The advancements in the production and technological occupations of the city life is seen as a main factor that contributes to the dehumanizing of the city. Residents who have no concern for the welfare of the other city dwellers inhabit this city. The city residents of the city of Rome, for example, are contrasted with the residents of the city of Athens. While the city of Athens inhabitants are seen as humane and people oriented, the Rome residents are portrayed as disillusioned and self-seeking. The city of Rome reference to as the dehumanized city in the book due to its perceived lack of social life that was reflective of content and self-actualized human beings. The cities of ancient Greece are portrayed as the polis, or the city of people where civility guided by individual initiative reigns supreme. The relative freedom and intimacy enjoyed by these cities favored the development of a thriving social and intellectual culture in the city of men. The city of Rome however is depicted as a dehumanized settlement of people with interests only to their individual advancements. The city of Rome is employed as an example of what authority and the development of cities into extravagant sizes can do to both the populace and the administration of such regimes.

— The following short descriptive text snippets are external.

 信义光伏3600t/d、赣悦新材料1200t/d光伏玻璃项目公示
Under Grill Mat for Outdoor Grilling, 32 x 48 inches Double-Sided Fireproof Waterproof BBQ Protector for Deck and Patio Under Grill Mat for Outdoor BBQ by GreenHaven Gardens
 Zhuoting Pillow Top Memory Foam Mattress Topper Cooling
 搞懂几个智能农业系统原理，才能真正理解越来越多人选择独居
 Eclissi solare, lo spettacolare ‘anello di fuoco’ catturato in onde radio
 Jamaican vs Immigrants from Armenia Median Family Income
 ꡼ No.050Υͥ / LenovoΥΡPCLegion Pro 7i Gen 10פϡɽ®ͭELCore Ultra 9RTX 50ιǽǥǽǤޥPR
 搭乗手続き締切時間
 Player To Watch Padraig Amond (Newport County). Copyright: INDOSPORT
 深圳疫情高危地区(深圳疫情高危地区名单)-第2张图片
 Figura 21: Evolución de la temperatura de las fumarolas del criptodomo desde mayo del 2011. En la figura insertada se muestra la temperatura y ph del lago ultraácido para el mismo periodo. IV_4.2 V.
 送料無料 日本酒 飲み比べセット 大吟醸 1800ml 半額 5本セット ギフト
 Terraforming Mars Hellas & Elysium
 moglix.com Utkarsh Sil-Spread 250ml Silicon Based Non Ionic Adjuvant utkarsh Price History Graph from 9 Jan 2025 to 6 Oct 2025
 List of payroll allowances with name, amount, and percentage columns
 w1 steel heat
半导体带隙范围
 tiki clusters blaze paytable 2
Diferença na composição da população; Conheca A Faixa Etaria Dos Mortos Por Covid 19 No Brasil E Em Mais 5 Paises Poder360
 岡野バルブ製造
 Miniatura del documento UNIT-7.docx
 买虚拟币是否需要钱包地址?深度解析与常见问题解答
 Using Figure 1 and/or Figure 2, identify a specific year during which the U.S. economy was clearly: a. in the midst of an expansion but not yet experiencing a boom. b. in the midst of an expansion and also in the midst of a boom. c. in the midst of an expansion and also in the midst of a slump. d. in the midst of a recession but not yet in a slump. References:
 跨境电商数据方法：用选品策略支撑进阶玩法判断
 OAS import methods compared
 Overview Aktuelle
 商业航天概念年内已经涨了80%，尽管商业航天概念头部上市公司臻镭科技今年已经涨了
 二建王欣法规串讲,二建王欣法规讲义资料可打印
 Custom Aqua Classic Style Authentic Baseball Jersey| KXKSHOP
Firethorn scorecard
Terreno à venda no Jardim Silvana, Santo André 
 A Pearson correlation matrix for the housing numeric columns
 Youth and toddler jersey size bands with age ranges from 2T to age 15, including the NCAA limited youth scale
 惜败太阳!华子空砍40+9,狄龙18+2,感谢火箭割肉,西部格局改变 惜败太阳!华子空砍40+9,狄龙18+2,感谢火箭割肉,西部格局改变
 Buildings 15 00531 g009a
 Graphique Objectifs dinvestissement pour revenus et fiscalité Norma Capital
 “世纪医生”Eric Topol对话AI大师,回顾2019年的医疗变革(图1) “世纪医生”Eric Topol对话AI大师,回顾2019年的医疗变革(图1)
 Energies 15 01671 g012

In the book however, Mumford takes the stand that a city and its conceptual features are directly correlate able with its more prominent features. The size a city develops into and its ability to have meaningful social relations among the city residents, are for instance, correlated to a fault. While it is true that the size of the city influenced the kind of relationships between the town’s inhabitants, it is not definitively relatable the size of a city to the quality of its relationships. There was a major oversight from Mumford in generalizing a trend historically observed to future trends, as human being behavior is highly adaptable due to their advanced intellectual capability. Some cities, in fact, have made tremendous leaps towards achieving a social lifestyle that is concerned for the welfare of the others. While it is impossible to know even a small fraction of fellow residents in the modern megalopolis, the number of people the modern city dwellers interacts with in a social level is far much greater than the residents of the ancient cities. While the low populations in the cities enabled the intimate relationships between residents, the modern city is highly populous and the interactions between much more populous than the ancient city residents experienced
Mumford, in his book makes important assertion and important conclusions, but his generalization of the fate of the city based on its observable characteristics is highly under informed. Modern cities, owing to the ever-surging human population would barely manage to construct models of living as Mumford envisaged as the perfect city. The dynamics at work are much more different and administrative and systems are much more advanced and complicated. Mumford views the current megalopolis as exposing humanity to annihilation through nuclear warfare. The sheer fact of people living in concentrated settlements making them easy targets of war. While this might be true, the population of the world has exponentially risen over the past few centuries. Without the cities as they exist today, human life would be very difficult, if not impossible for the modern man. The need to live in central places far overweighs the need to disperse settlements. It is far mar easier to provide services and products to many people at once in a huge city than it would be economically viable over smaller far apart cities.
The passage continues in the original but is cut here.